(Dataset entries)
- - - - - - -

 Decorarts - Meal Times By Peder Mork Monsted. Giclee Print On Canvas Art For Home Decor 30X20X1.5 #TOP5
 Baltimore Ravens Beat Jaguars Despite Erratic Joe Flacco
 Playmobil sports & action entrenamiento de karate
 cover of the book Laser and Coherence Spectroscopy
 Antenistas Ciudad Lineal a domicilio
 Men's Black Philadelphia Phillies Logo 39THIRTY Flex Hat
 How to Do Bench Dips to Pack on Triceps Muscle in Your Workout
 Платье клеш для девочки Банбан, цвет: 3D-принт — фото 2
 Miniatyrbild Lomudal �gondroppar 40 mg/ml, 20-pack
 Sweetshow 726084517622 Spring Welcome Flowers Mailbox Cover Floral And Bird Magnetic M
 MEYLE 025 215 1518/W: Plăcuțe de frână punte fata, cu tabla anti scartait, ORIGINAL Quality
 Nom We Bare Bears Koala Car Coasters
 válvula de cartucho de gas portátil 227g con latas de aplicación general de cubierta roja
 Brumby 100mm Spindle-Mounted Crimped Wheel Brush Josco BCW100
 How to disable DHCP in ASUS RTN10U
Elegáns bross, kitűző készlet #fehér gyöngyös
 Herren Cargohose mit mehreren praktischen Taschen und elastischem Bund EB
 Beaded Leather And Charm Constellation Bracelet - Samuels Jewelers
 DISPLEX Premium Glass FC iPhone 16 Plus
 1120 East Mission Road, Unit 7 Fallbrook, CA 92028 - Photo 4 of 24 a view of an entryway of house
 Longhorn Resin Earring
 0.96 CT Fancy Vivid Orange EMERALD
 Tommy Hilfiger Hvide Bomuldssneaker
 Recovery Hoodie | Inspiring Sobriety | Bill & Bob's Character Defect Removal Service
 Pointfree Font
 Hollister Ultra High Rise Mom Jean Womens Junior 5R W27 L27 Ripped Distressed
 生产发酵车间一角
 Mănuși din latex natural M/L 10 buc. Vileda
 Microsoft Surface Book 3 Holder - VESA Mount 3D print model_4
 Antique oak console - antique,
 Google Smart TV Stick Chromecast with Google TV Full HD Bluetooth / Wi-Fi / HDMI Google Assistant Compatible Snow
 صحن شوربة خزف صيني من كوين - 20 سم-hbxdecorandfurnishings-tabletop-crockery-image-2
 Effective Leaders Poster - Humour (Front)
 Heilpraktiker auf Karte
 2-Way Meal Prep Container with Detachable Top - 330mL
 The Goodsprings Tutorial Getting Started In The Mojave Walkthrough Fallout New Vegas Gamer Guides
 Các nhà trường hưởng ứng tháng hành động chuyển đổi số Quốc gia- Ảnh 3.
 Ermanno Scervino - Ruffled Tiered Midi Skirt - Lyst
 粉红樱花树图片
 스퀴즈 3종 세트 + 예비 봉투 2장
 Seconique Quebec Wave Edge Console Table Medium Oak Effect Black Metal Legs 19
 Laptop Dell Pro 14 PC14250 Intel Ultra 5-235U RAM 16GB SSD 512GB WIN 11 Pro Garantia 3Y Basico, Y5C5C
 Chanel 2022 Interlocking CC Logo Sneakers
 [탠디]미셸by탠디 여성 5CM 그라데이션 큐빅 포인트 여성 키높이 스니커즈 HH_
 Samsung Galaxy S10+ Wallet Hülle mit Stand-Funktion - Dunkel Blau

- - - - - - -

WORK TASK
Whenever the string "Logo" shows up in a line of the records, copy that line.

SOLUTION FOR THIS EXERCISE
 Men's Black Philadelphia Phillies Logo 39THIRTY Flex Hat
 Chanel 2022 Interlocking CC Logo Sneakers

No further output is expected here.